Repeat each entry below exactly, omitting any picture it holds.

● ● ●

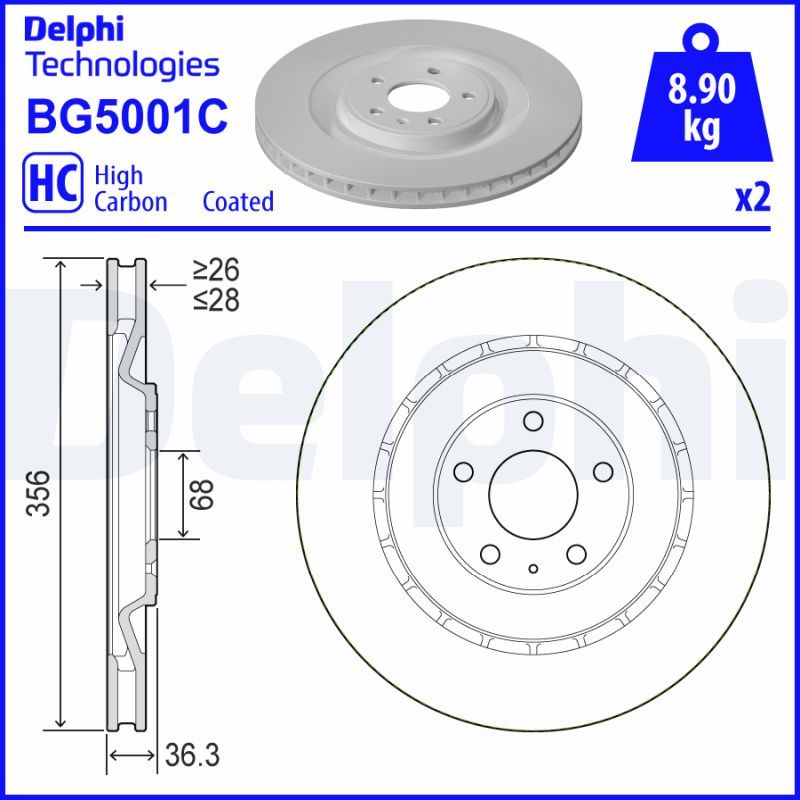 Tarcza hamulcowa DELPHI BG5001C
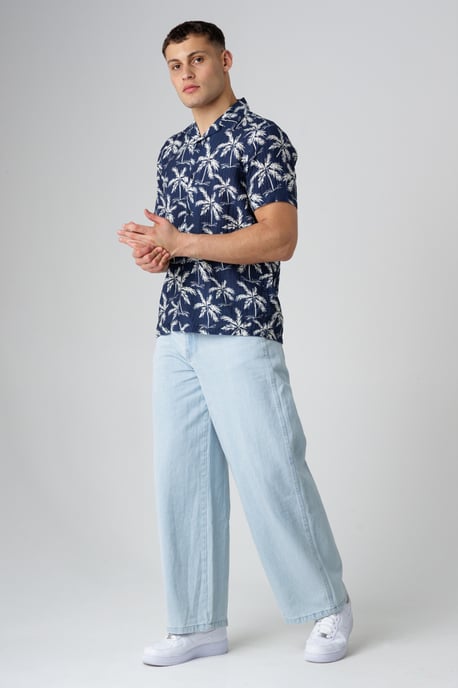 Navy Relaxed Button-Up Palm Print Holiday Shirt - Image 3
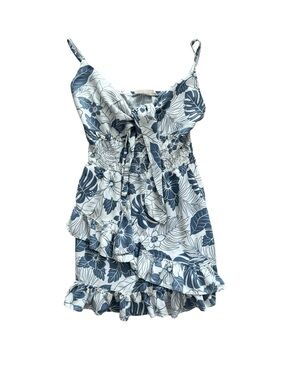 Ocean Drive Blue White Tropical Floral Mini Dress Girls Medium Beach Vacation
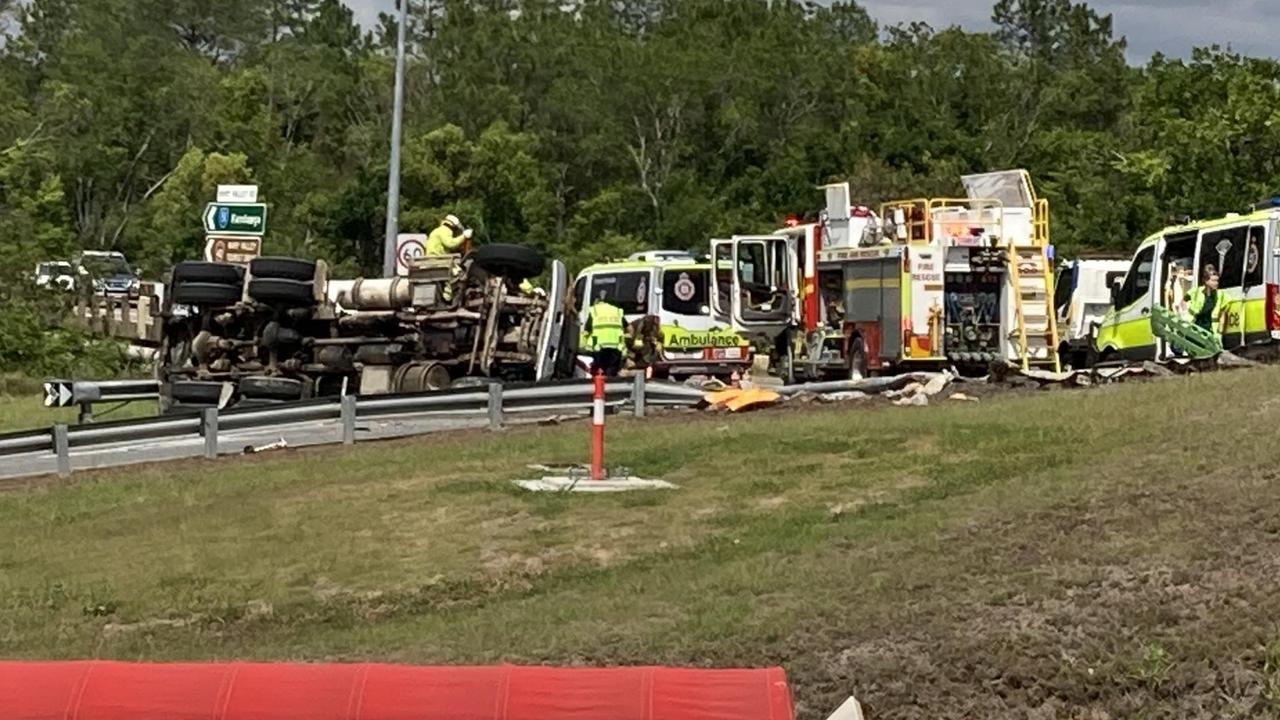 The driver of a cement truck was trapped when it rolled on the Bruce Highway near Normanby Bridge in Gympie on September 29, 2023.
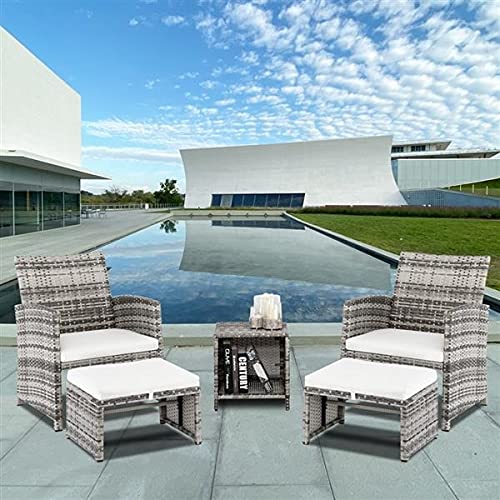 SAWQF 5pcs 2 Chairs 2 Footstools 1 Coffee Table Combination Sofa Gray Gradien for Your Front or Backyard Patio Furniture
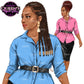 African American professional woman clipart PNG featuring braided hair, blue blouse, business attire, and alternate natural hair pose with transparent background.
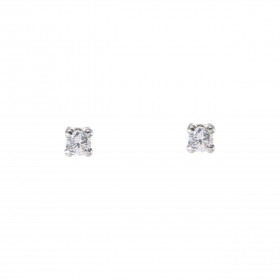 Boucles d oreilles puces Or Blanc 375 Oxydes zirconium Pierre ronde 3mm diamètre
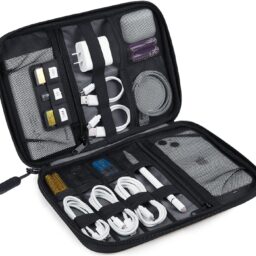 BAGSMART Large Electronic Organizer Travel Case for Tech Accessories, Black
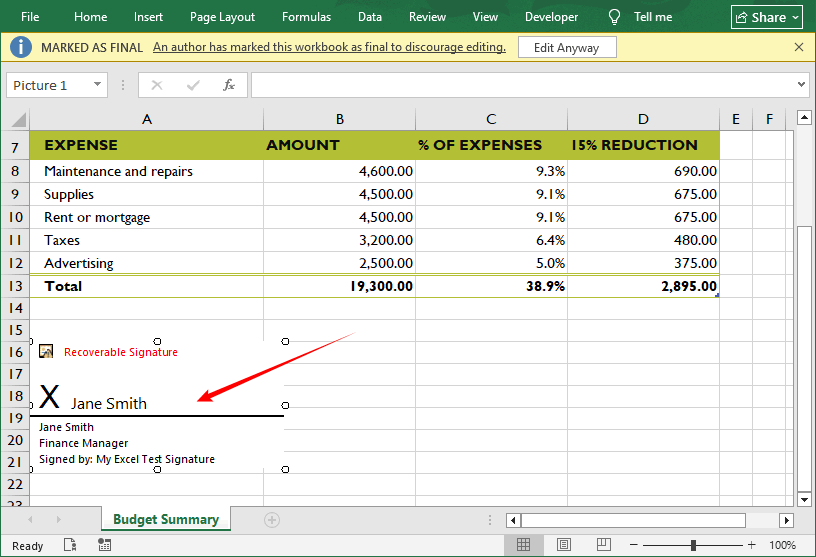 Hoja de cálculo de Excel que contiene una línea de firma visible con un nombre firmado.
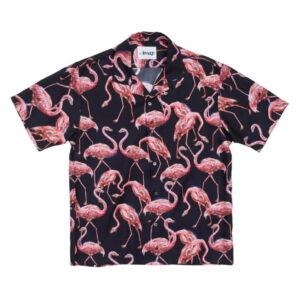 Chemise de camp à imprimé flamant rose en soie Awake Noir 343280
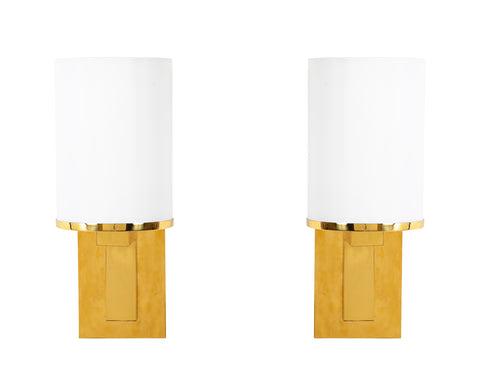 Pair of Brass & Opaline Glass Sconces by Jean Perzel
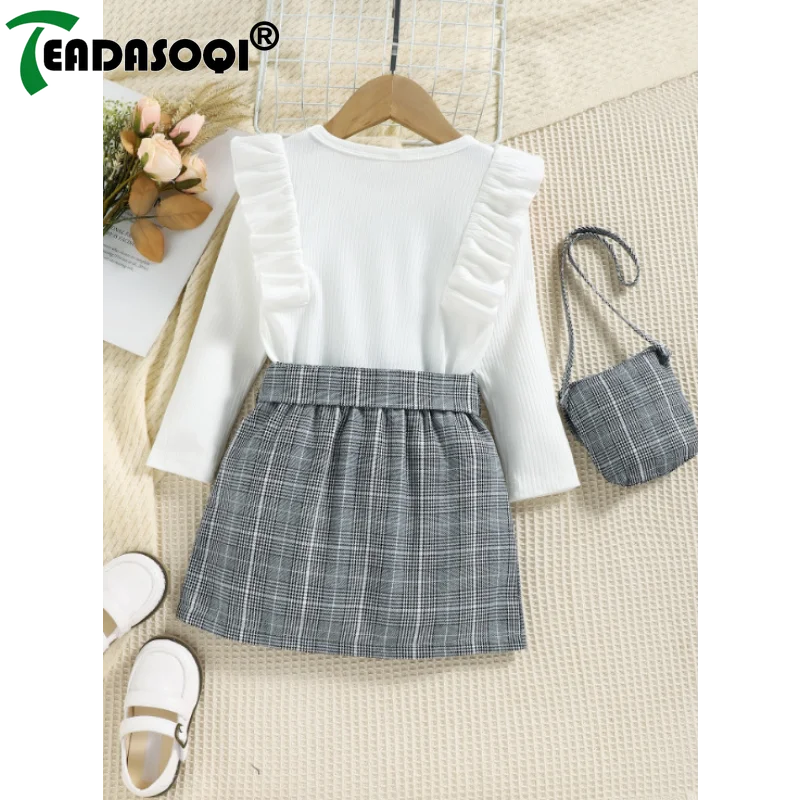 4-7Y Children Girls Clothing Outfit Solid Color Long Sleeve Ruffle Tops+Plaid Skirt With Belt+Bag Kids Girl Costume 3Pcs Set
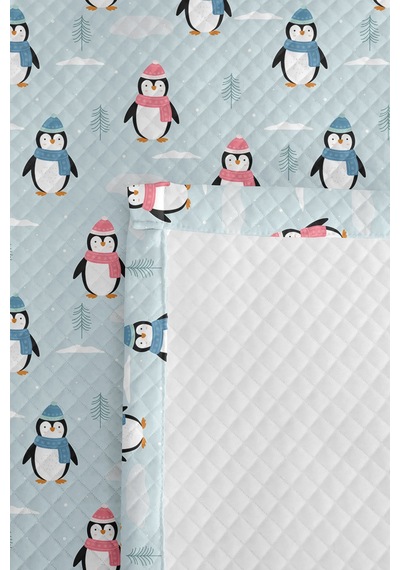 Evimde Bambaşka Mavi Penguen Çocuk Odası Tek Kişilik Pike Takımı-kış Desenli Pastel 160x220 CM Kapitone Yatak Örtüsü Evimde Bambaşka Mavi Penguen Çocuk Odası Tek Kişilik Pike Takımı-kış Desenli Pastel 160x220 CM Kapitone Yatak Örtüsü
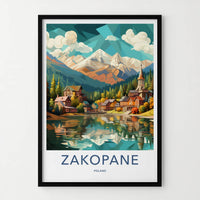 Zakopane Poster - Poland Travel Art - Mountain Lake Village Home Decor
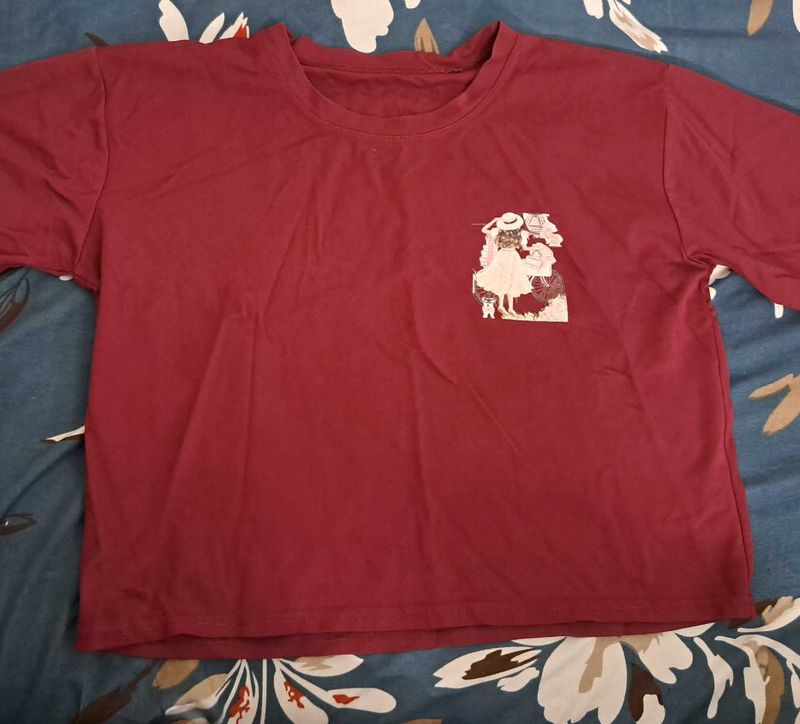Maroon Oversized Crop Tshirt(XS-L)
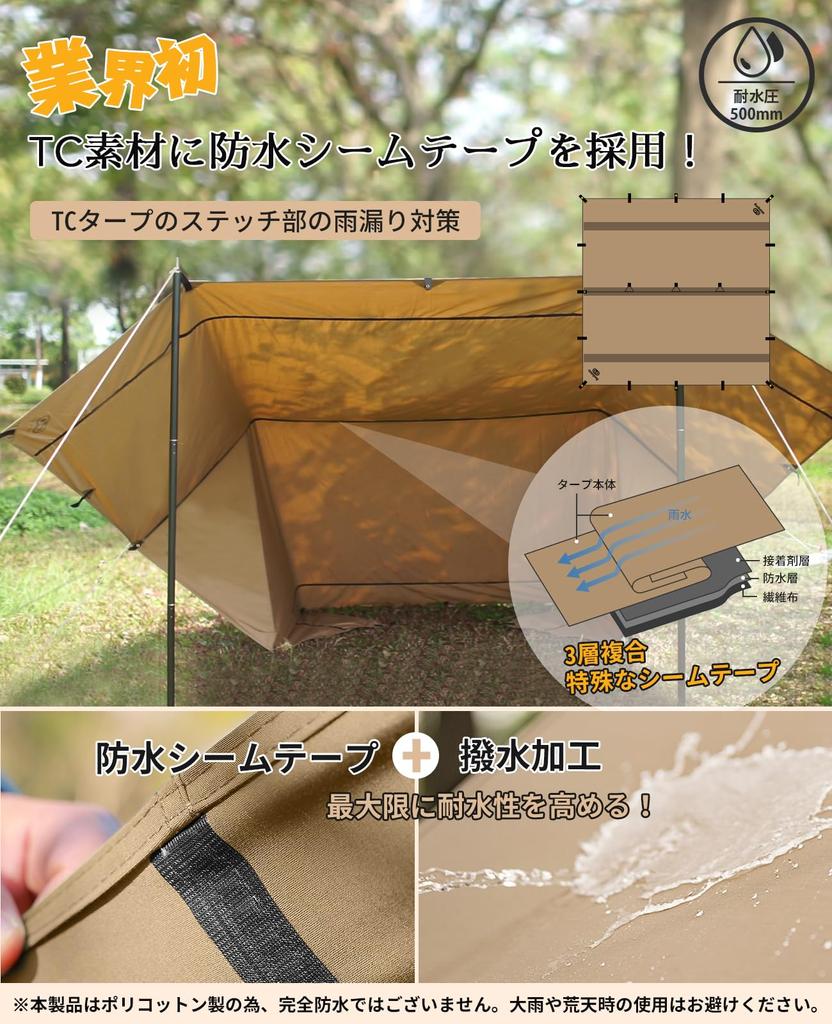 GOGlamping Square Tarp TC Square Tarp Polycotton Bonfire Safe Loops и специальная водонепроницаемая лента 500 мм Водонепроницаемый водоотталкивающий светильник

● ● ●

**REPLY**
 Tarcza hamulcowa DELPHI BG5001C
 Navy Relaxed Button-Up Palm Print Holiday Shirt - Image 3
 Ocean Drive Blue White Tropical Floral Mini Dress Girls Medium Beach Vacation
 The driver of a cement truck was trapped when it rolled on the Bruce Highway near Normanby Bridge in Gympie on September 29, 2023.
 SAWQF 5pcs 2 Chairs 2 Footstools 1 Coffee Table Combination Sofa Gray Gradien for Your Front or Backyard Patio Furniture
 African American professional woman clipart PNG featuring braided hair, blue blouse, business attire, and alternate natural hair pose with transparent background.
 Boucles d oreilles puces Or Blanc 375 Oxydes zirconium Pierre ronde 3mm diamètre
 BAGSMART Large Electronic Organizer Travel Case for Tech Accessories, Black
 Hoja de cálculo de Excel que contiene una línea de firma visible con un nombre firmado.
 Chemise de camp à imprimé flamant rose en soie Awake Noir 343280
 Pair of Brass & Opaline Glass Sconces by Jean Perzel
 4-7Y Children Girls Clothing Outfit Solid Color Long Sleeve Ruffle Tops+Plaid Skirt With Belt+Bag Kids Girl Costume 3Pcs Set
 Evimde Bambaşka Mavi Penguen Çocuk Odası Tek Kişilik Pike Takımı-kış Desenli Pastel 160x220 CM Kapitone Yatak Örtüsü Evimde Bambaşka Mavi Penguen Çocuk Odası Tek Kişilik Pike Takımı-kış Desenli Pastel 160x220 CM Kapitone Yatak Örtüsü
 Zakopane Poster - Poland Travel Art - Mountain Lake Village Home Decor
Maroon Oversized Crop Tshirt(XS-L)
 GOGlamping Square Tarp TC Square Tarp Polycotton Bonfire Safe Loops и специальная водонепроницаемая лента 500 мм Водонепроницаемый водоотталкивающий светильник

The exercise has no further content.